-- RECORDS SHOWN follows --

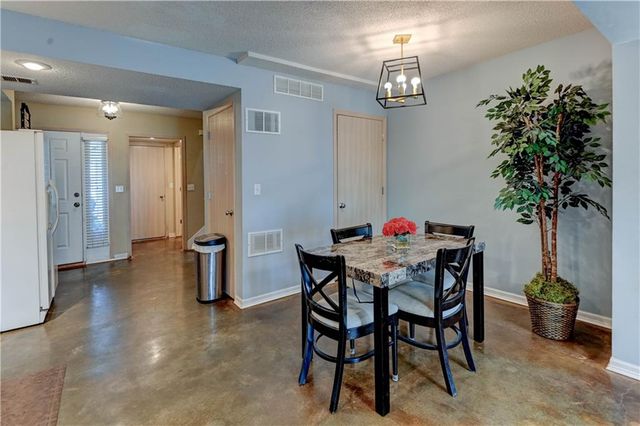 8112 N Lawn Avenue, Kansas City, MO 64119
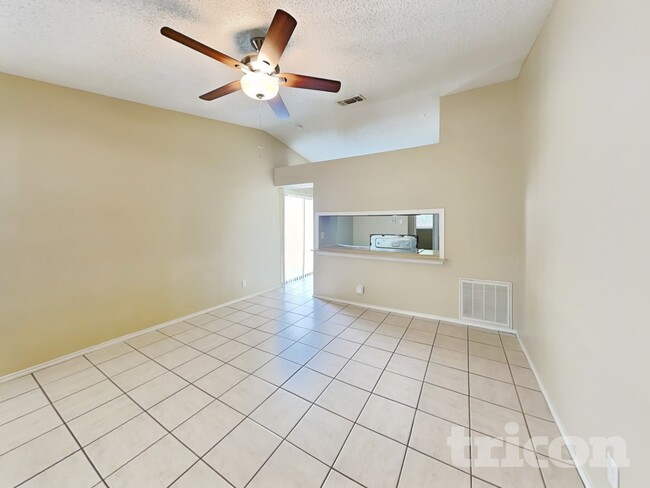 9415 Valley Moss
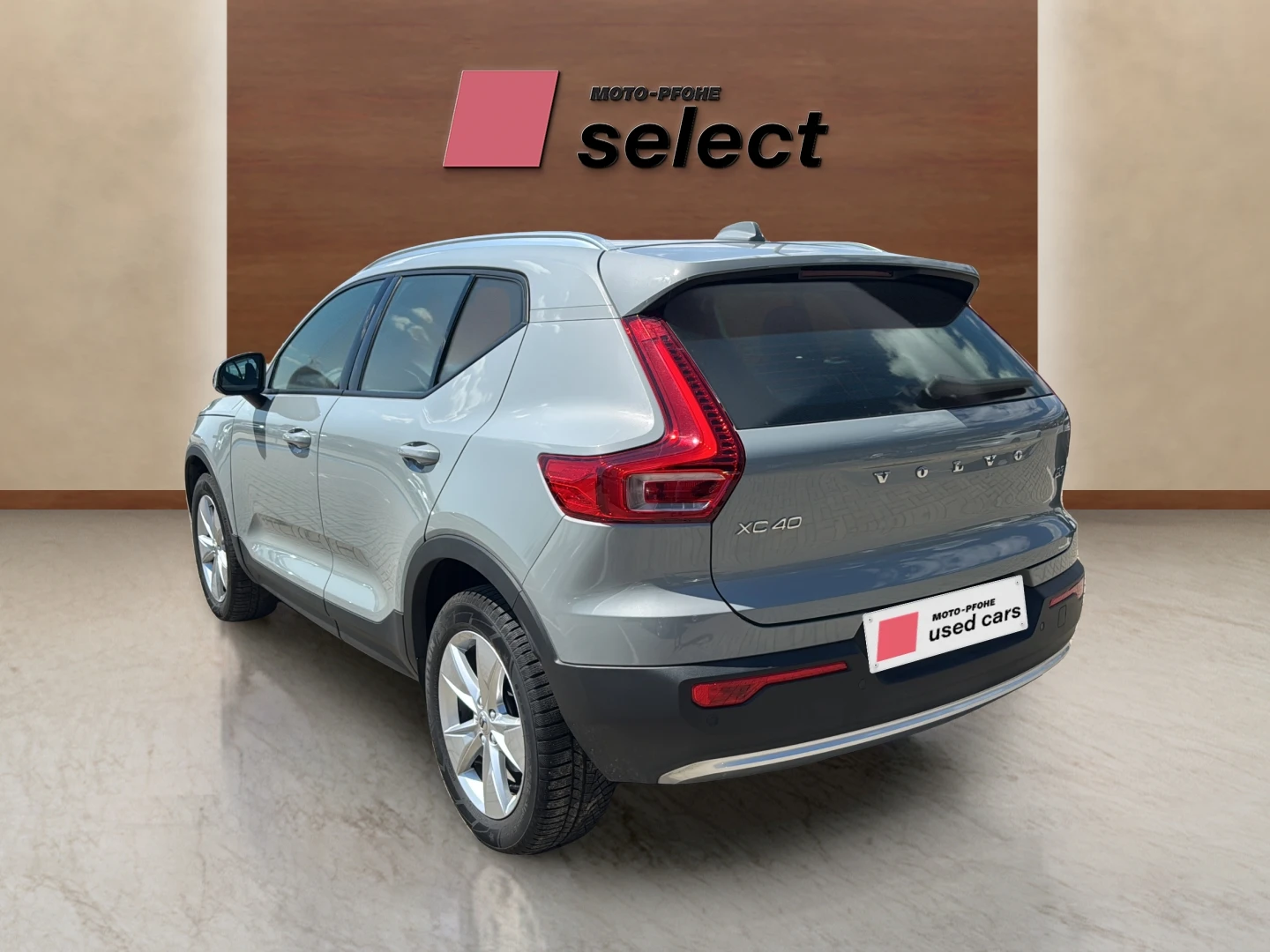 Volvo XC40 2.0 B3, снимка 6 - Автомобили и джипове - 55743765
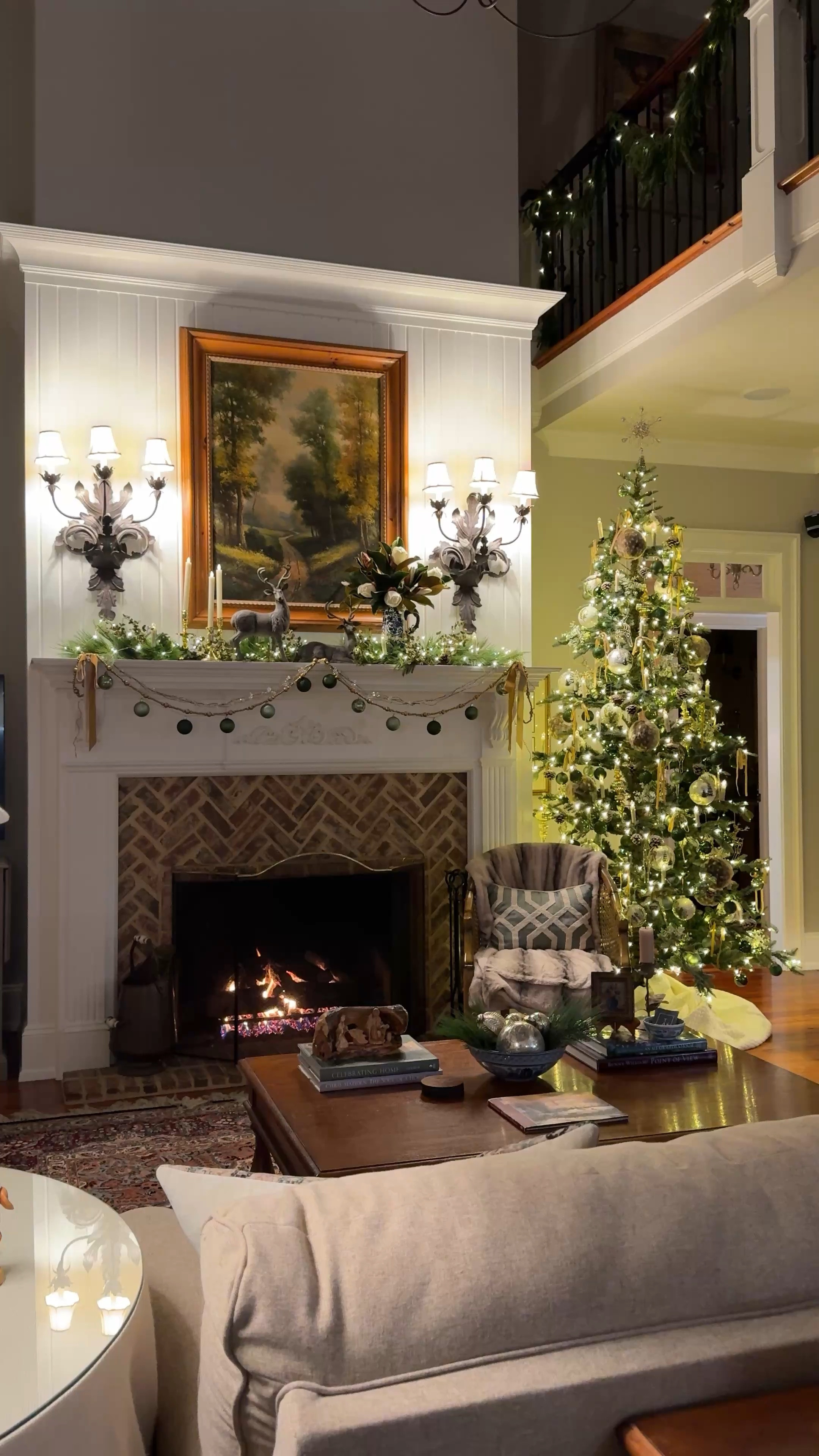 Traditional Christmas #garland #christmaslights #kingofchristmas

#LTKHome #LTKHoliday #LTKSeasonal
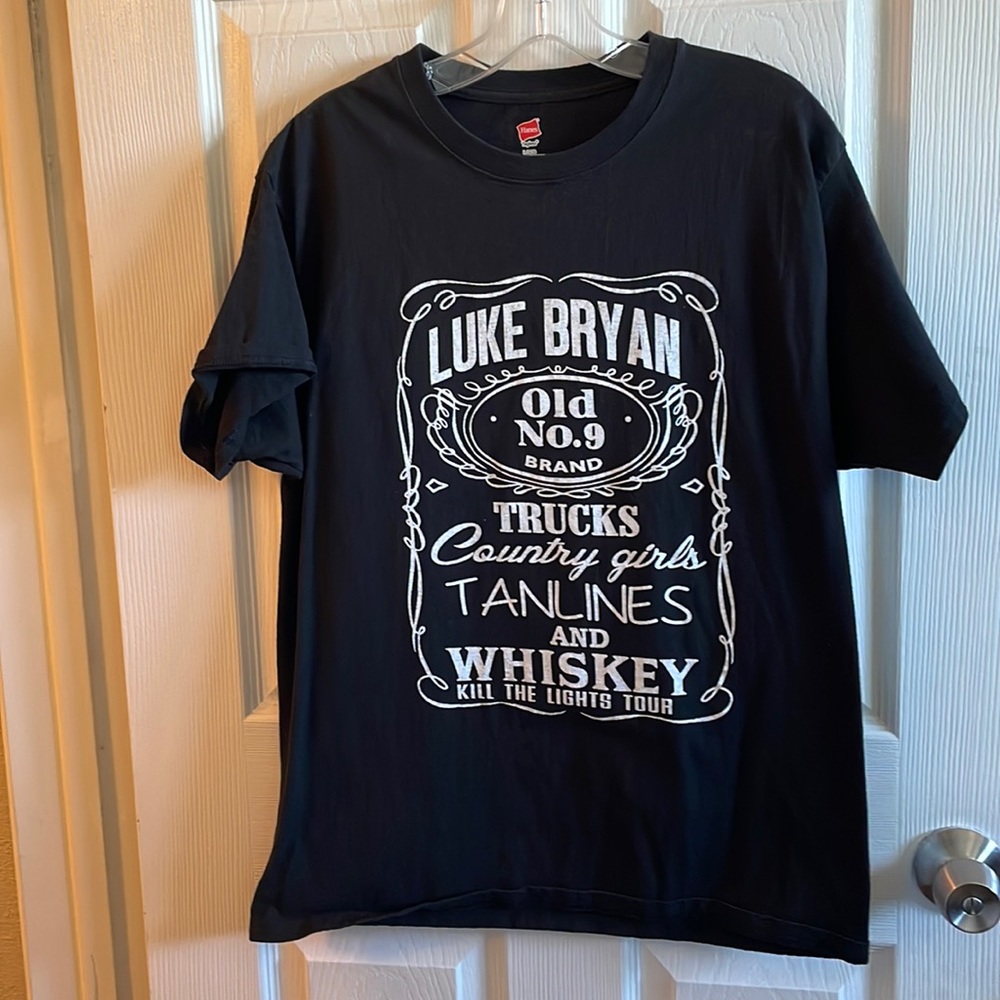 Luke Bryan 2016 Kill the Lights concert T-shirt.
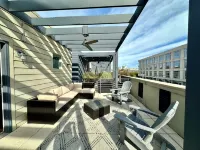 Luxury condo. 2 car garage, rooftop patio. Perfect for work or play! - balcony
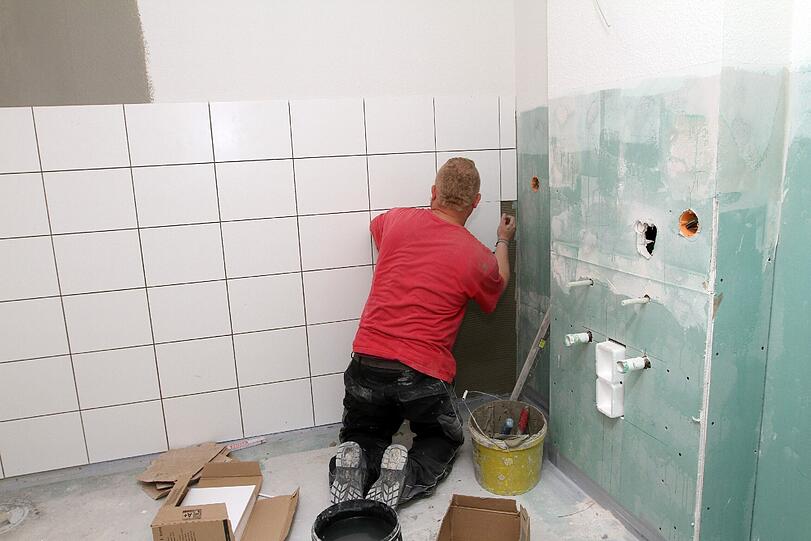 Ein Mann renoviert das Badezimmer. Auch über Renovierungs-Streitfälle hat der BGH 2015 geurteilt.
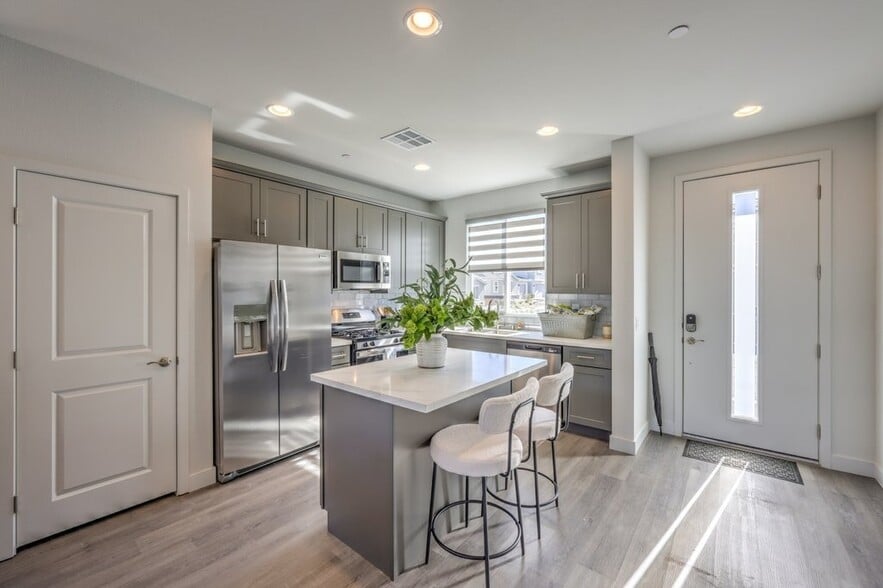 Primary Photo - Serenity Townhomes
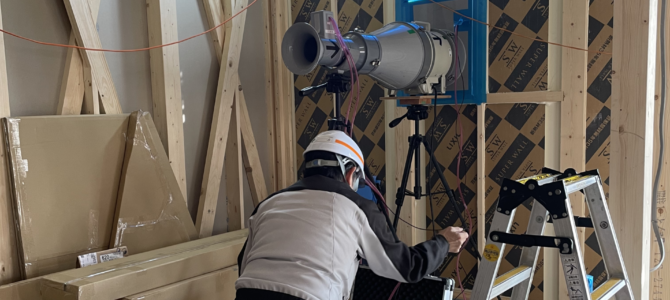 家を建てる前に知っておきたい5つのポイント④ -C値(気密性能)とは?- 家を建てる前に知っておきたい5つのポイント④ -C値(気密性能)とは?-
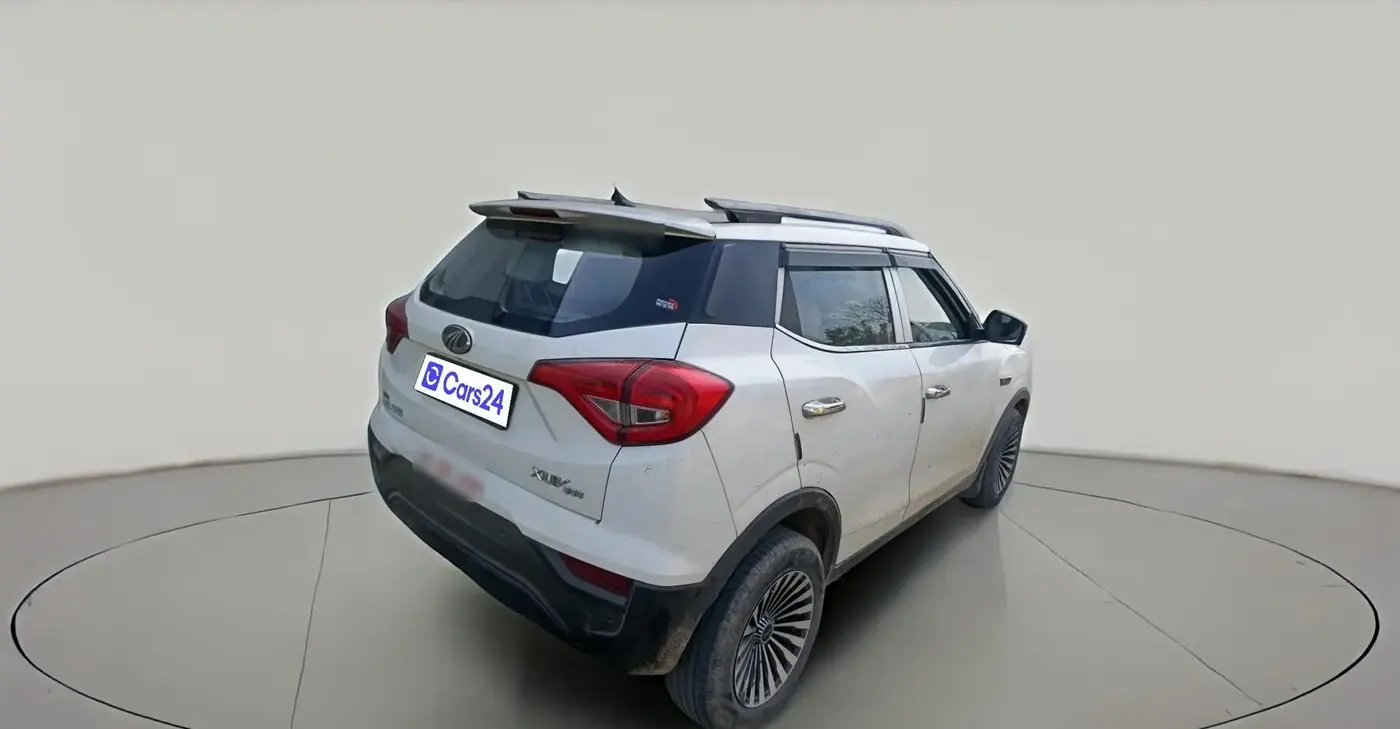 2020 Mahindra XUV300 W4 1.5 DIESEL, Diesel, Manual, 57,000 km, exterior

-- RECORDS SHOWN concluded --

* **REQUIREMENT**
Transcribe all entries above exactly. Omit the pictures.

* **EXPECTED ANSWER**
 8112 N Lawn Avenue, Kansas City, MO 64119
 9415 Valley Moss
 Volvo XC40 2.0 B3, снимка 6 - Автомобили и джипове - 55743765
 Traditional Christmas #garland #christmaslights #kingofchristmas

#LTKHome #LTKHoliday #LTKSeasonal
 Luke Bryan 2016 Kill the Lights concert T-shirt.
 Luxury condo. 2 car garage, rooftop patio. Perfect for work or play! - balcony
 Ein Mann renoviert das Badezimmer. Auch über Renovierungs-Streitfälle hat der BGH 2015 geurteilt.
 Primary Photo - Serenity Townhomes
 家を建てる前に知っておきたい5つのポイント④ -C値(気密性能)とは?- 家を建てる前に知っておきたい5つのポイント④ -C値(気密性能)とは?-
 2020 Mahindra XUV300 W4 1.5 DIESEL, Diesel, Manual, 57,000 km, exterior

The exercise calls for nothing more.